Asked to Officiate a Wedding for Someone You Don’t Like? Try This.

Uh oh

What should you do if someone you can’t stand asks you to officiate their wedding? 

 

 

Once word gets out that you officiate weddings, all sorts of people come out of the woodwork, and you won’t always be so fond of them. But we’re in the business of love, and there’s always a way to respond that’s loving and respectful. 

 

If the request comes from a distant cousin you’ve never really bonded with, it will probably be easy to simply say no thanks. But what if the request comes from a grandchild, a sibling, a niece, or a nephew? Or for the professionals out there, from a much needed wedding client? 

 

Not so clear cut now, is it? 

 

 

An older blonde woman stands in the foreground, rolling her eyes at the young couple standing behind her

Remember... We're in the business of love. 

 

 

Under many circumstances, the best course of action is to politely decline. If you dislike confrontation, you might offer up a small white lie about a scheduling conflict or incurable stage fright to soften the ‘no.’ And you can always recommend another wedding officiant better suited to the role and the couple. 

 

Related: When should officiants say No to a ceremony?
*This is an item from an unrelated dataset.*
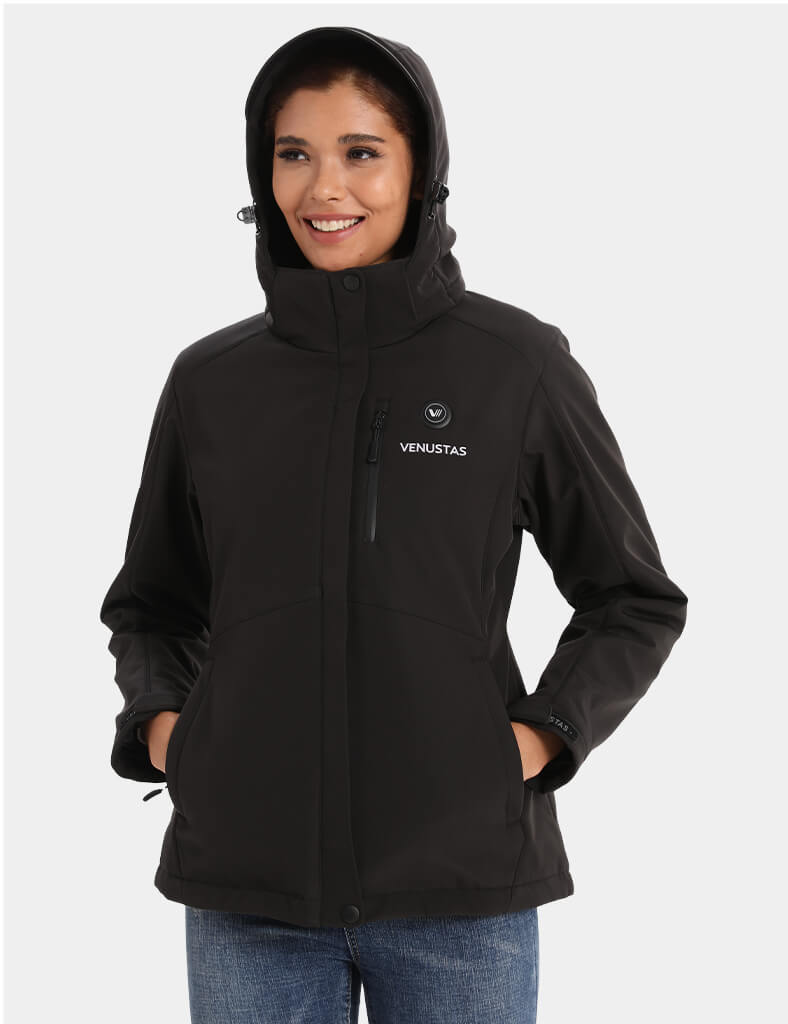 [Upgraded] Women’s Heated Jacket 7.4V (Up to 13 Heating Hours)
But under other circumstances, you might put aside your personal feelings and officiate the wedding anyway. 

 

After all, some family dynamics are too difficult to get around, and many professional officiants simply can’t afford to let contrasting personalities interfere with potential income.

 

In these cases, how should you approach the role of wedding officiant? 

 

It’s all about your attitude and perspective! 

 


Try these simple tools to shift your focus when working closely with an engaged couple that's rude, not your cup of tea, or otherwise hard to get along with: 

 

 

  • Keep your planning meetings brief and straightforward. Show up prepared with everything you’ll need to avoid delays and distractions.

 

  • Ask the couple to complete a detailed questionnaire. This helps you see them more kindly by getting to know them through their partner’s eyes. 

 

  • Be aware of your tone and communication style, and the energy you’re bringing to the meeting. 

 

  • Practice compassion and patience, and take short breaks if needed. 

 

  • Practice ‘emotional detachment.’ Don’t take the other person’s attitudes or behaviors personally, or try to change them.

 

  • Focus on AMM’s 3 Tenets, and the right of all people to marry according to their values. You’re here to serve! 

 

  • Dig deep through meditation to find your calm, and practice simple breathing techniques. 

 

  • And finally, remember this marriage is about the couple, their love, and their future, not you.